■ Material provided ■
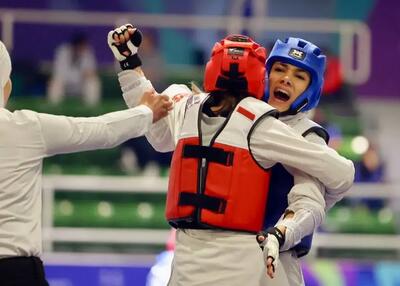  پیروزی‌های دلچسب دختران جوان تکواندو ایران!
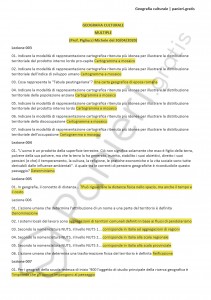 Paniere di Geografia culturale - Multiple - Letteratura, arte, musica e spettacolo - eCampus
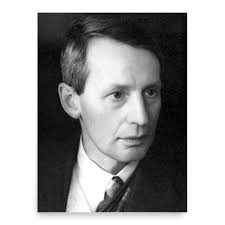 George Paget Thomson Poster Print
* * *
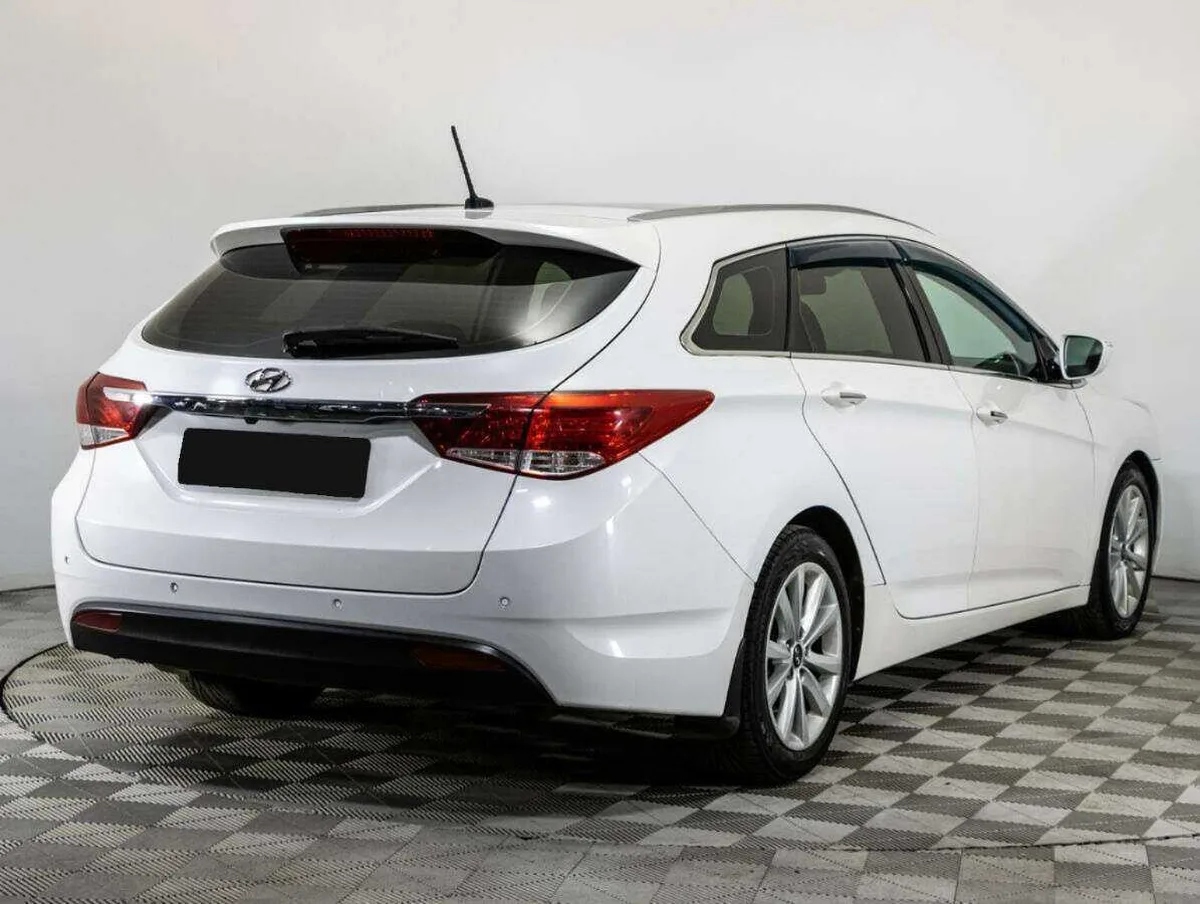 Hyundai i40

■ What is required ■
Take only the lines above from the one that has "Paniere di Geografia" through the one that has "George Paget Thomson Poster Print" and reproduce them exactly, omitting any pictures.

■ Answer space ■
 Paniere di Geografia culturale - Multiple - Letteratura, arte, musica e spettacolo - eCampus
 George Paget Thomson Poster Print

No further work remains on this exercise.